When speaking about pastors, it can be said that we are all equally qualified for the ministry, but that we are not all equally fit for it. In the triangle of office, career and person, the person is the big variable. It is this variable that is of cardinal importance in the ministry and especially for the peace mission of the church. Much can be said about the person of the pastor, but in regard to the peace he or she is to model only the following is emphasised.

All people, pastors included, suffer from the discrepancy between what we want to be and what we really are. In the case of pastors that discrepancy is aggravated by another discrepancy, that between our perceptions of what the church should be and what it really is. Rulla (1988:74) pointed out that many people make a decision on entering the ministry based on idealistic perceptions. Many pastors do not know how to manage these discrepancies in their own life as well as in the church. In the ensuing struggle to cope with it, many pastors have unfortunately ceased to be instruments of peace and instead become instruments of strife.
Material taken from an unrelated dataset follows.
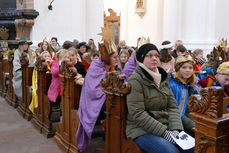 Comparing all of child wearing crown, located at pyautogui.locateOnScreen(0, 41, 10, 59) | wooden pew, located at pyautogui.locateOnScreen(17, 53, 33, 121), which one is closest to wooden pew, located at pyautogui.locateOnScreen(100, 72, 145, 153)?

To become instruments of peace, pastors will have to accept their strengths as gifts from God and their weaknesses as his charge. If a pastor can learn to take care of himself as for a neighbour he will be able to bring real peace to the neighbour as well (Wijngaarden 1969:66).

Introspection is the possibility to view and examine oneself. The danger is of course that a person can be so busy with the self that there is little productivity (Heitink 1997:325). It is important to note that even this introspection does not take place in isolation. Bosman (2001:430) pointed out that it always takes place in a relationship. Pastors must realise that if they find peace with God it immediately opens possibilities for peace with the other people of God.

An experience-based spirituality
Since the latter part of the 20th century spirituality has become a blanket and open-ended term for anything that concerns the spiritual life of a human being (Waaiman 2003:362). If the pastor wants to be a model for a peaceful existence they need to follow the direction indicated by Van der Meulen (2004:21). That is to seek out places where the loving presence of God, which is far more wonderful than the human mind can understand, can be found. Spirituality suggests the relationship between the Spirit of God [Spiritus Sanctus] and the spirit of man [Spiritus Hominis]. In this relationship man stands open and naked before the Holy One.

This relationship is of ultimate importance in modelling peace. The gap between people and the church is widening, but the same people that are moving away from the church are still seeking for a form of spirituality (Heitink 1996:23). A pastor that is a well experienced traveller with God can bridge that gap.

With these remarks on the person of the pastor it is suggested that in his person the pastor must not only be a person who does peace or proclaim peace, but one who is peace. The different aspects of being a pastor and its contribution to being a model for peace has been highlighted but it must be emphasised that these different aspects always work together as a unity and the strength of the pastor as a model for a peaceful existence is in the simultaneous application of these aspects in the context in which the pastor lives.

The danger for peace is that pastors might choose not to engage but to disengage. They choose not to engage because the challenge is too daunting. Reading books like The unnecessary pastor (Dawn & Peterson 2000) and chapters like “Om de toekomst van een overbodig beroep” (Heitink 2002:255–294) does not help either.

Pastors must remember that their work is achieved by trusting on the promise of the Lord and that we will never be alone. Pastors that want to disengage from this process can continue to engage because God keeps his word as Father, Son and Holy Spirit (Jentsch 1982:318–32).

Uncertain pastors can continue because the Father pays attention to them. Failed pastors can continue, because Jesus did not give up on them, as with Peter the night before the crucifixion. Overextended pastors can continue because the Holy Spirit gives them power of attorney.


Competing interests
The author declares that he has no financial or personal relationship(s) which may have inappropriately influenced him in writing this article.